Data segment
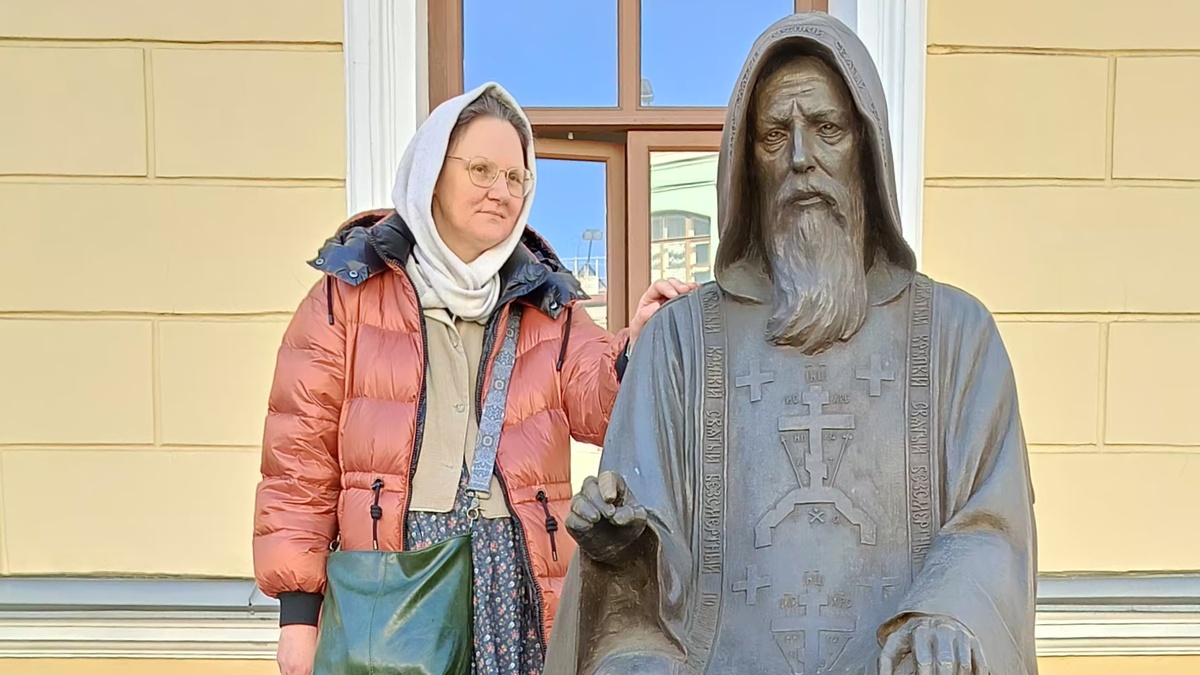 Памятник преподобному Серафиму Вырицкому у Музея истории купечества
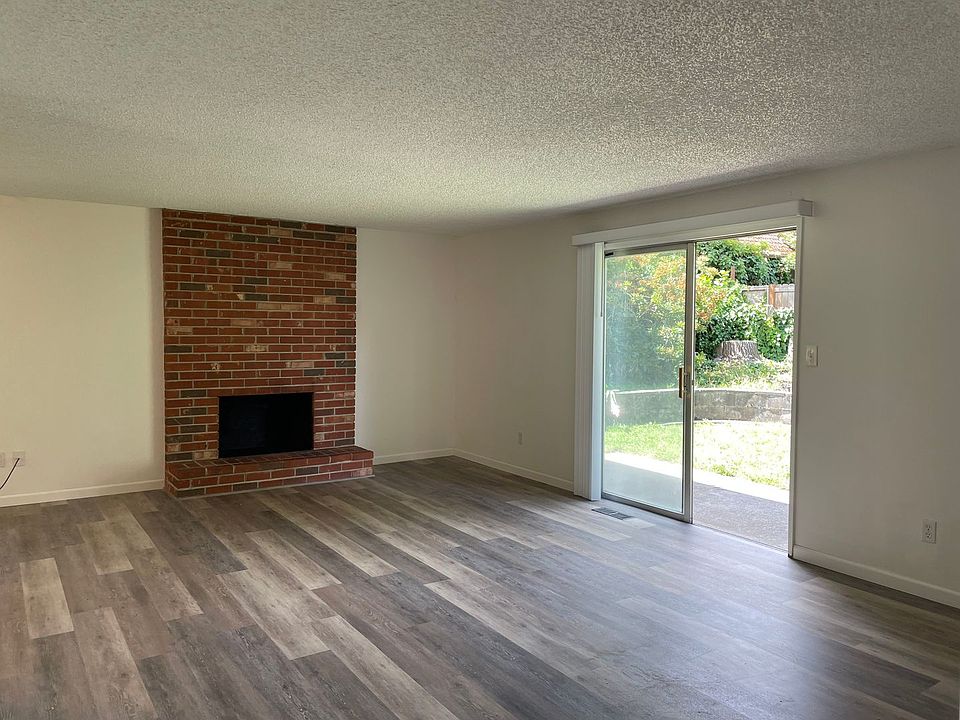1st image of 581 N Wexford Cir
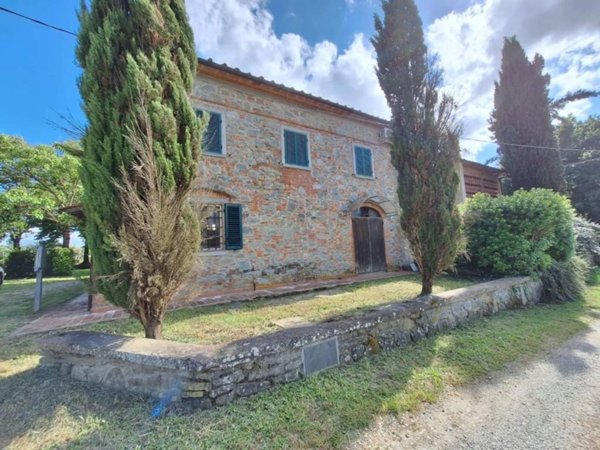 casa indipendente in vendita a Castelfranco di Sotto in zona Villa Campanile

Work to complete
In your copy of the material, every word must match and no image should appear.

Task solution
 Памятник преподобному Серафиму Вырицкому у Музея истории купечества
1st image of 581 N Wexford Cir
 casa indipendente in vendita a Castelfranco di Sotto in zona Villa Campanile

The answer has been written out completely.